Omit the pictures and return every entry exactly as written.

◆ ◆ ◆

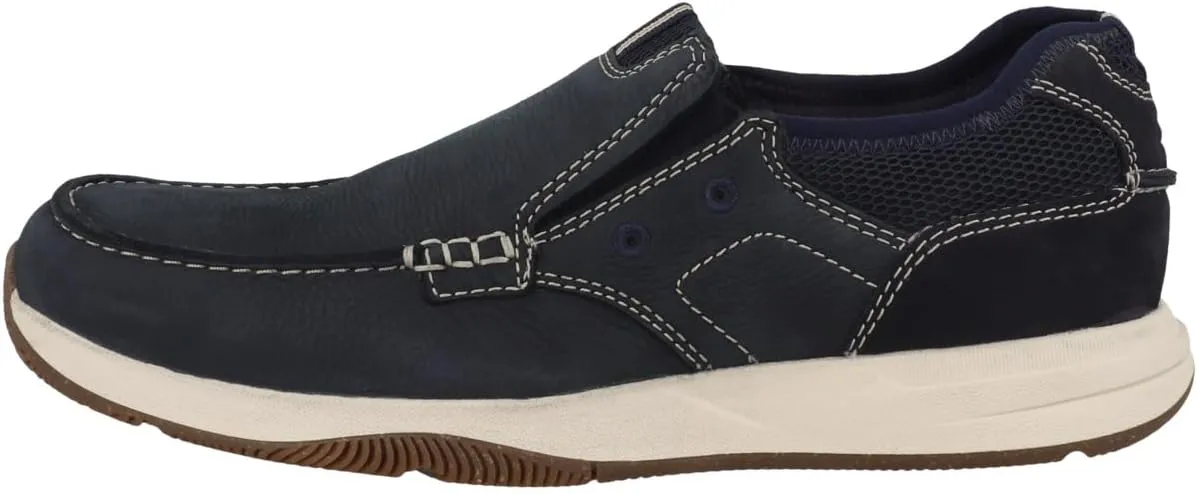 Clarks Men's Loafer Flat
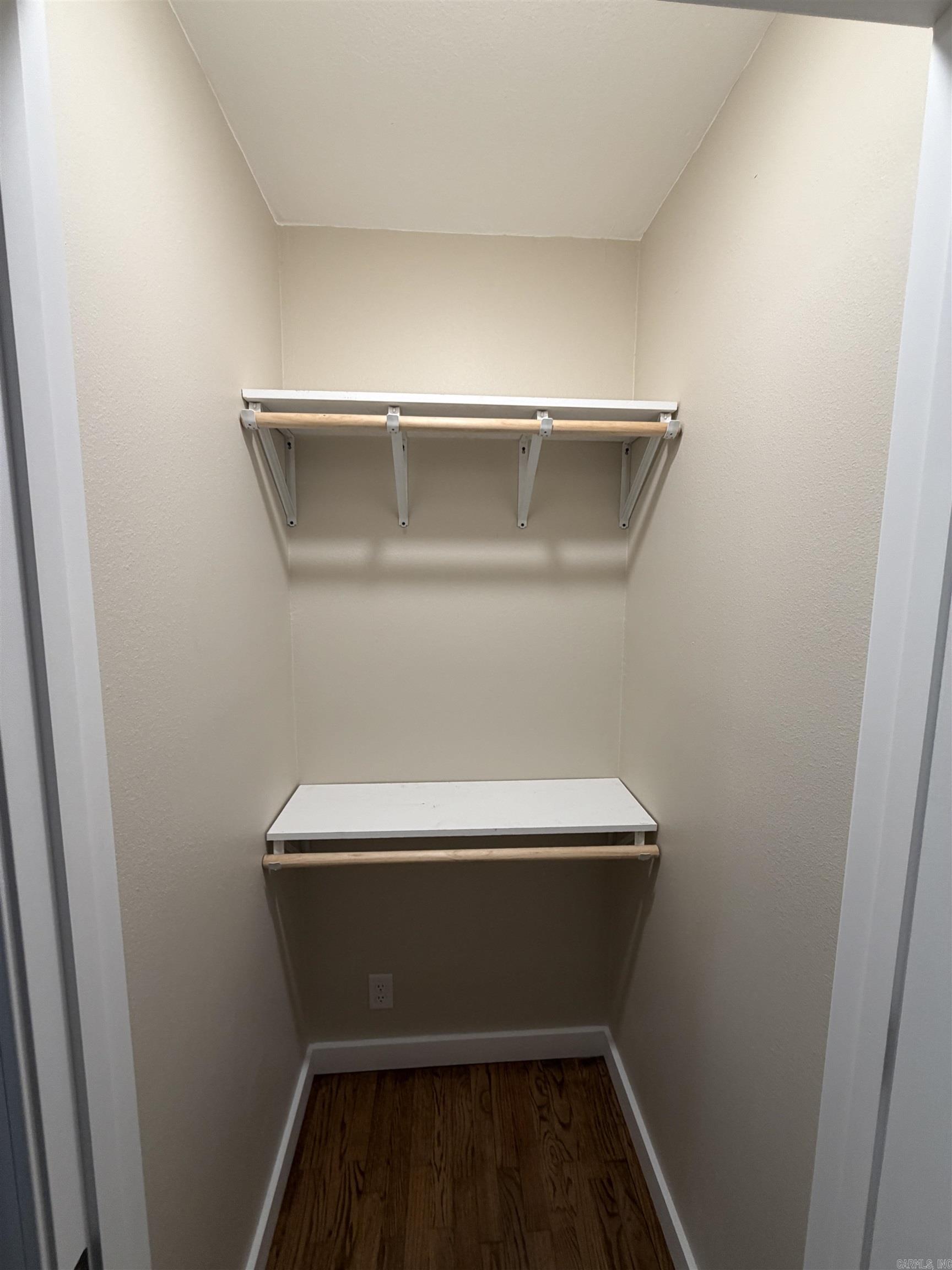 Moore & Case - Residential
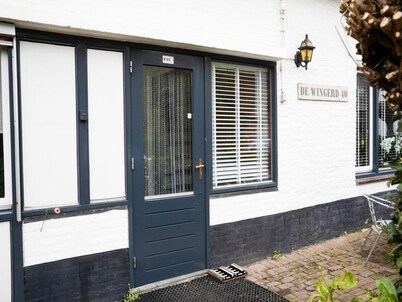 Chalet in Ulestraten Near Maastricht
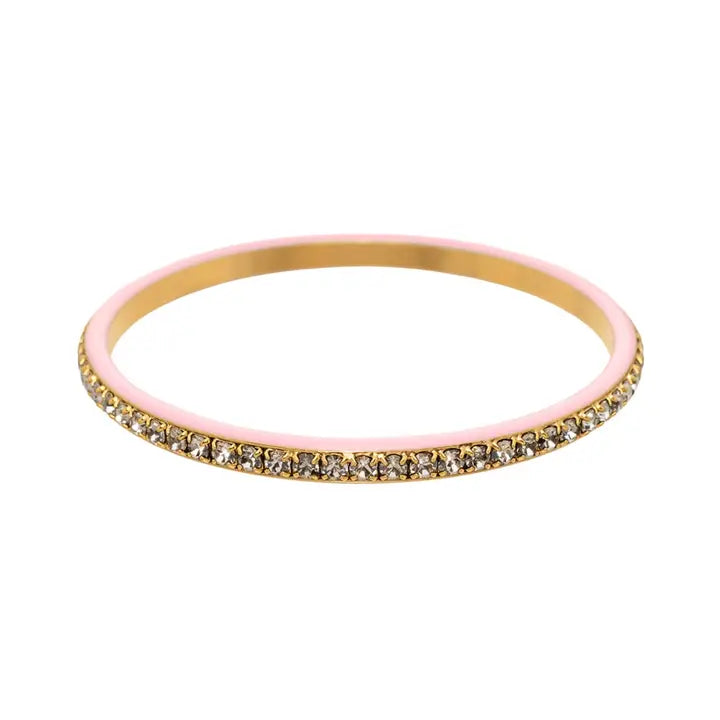 Helly Bangles In Fairy Dust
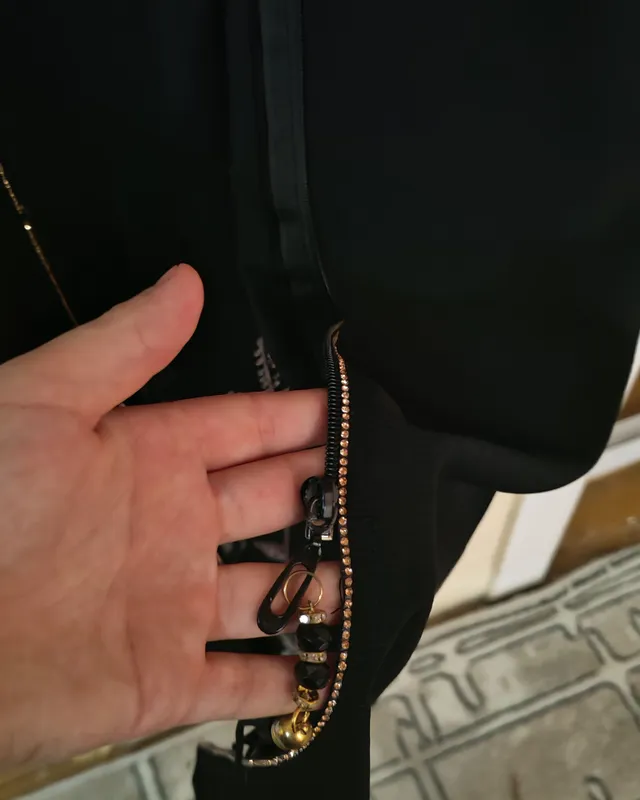 Madina abaya 2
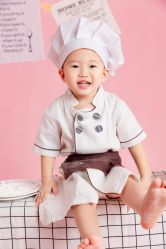 -贝克叔叔儿童摄影工作室(天时嘉园店)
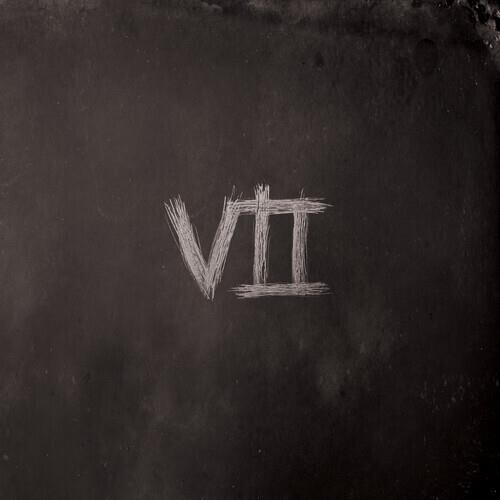 Vii - Vinyl LP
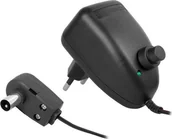 Wzmacniacze antenowe - Red Eagle ZASILACZ ANTENOWY ZS-12V/100MA Z SEPARATOREM REGULOWANY Spr003848 - miniaturka - grafika 1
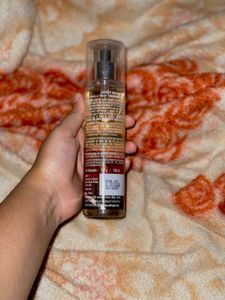 LA Rr Vanilla Twist Body Mist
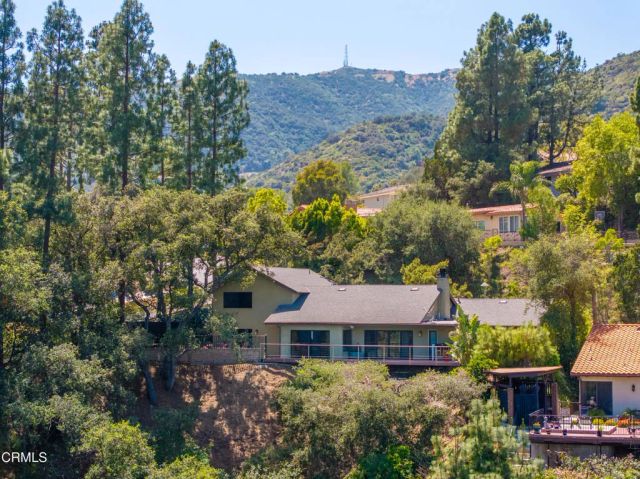 3282 Beaudry Terrace, Glendale, CA 91208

◆ ◆ ◆

RESPONSE BOX
 Clarks Men's Loafer Flat
 Moore & Case - Residential
 Chalet in Ulestraten Near Maastricht
 Helly Bangles In Fairy Dust
 Madina abaya 2
 -贝克叔叔儿童摄影工作室(天时嘉园店)
 Vii - Vinyl LP
 Wzmacniacze antenowe - Red Eagle ZASILACZ ANTENOWY ZS-12V/100MA Z SEPARATOREM REGULOWANY Spr003848 - miniaturka - grafika 1
 LA Rr Vanilla Twist Body Mist
 3282 Beaudry Terrace, Glendale, CA 91208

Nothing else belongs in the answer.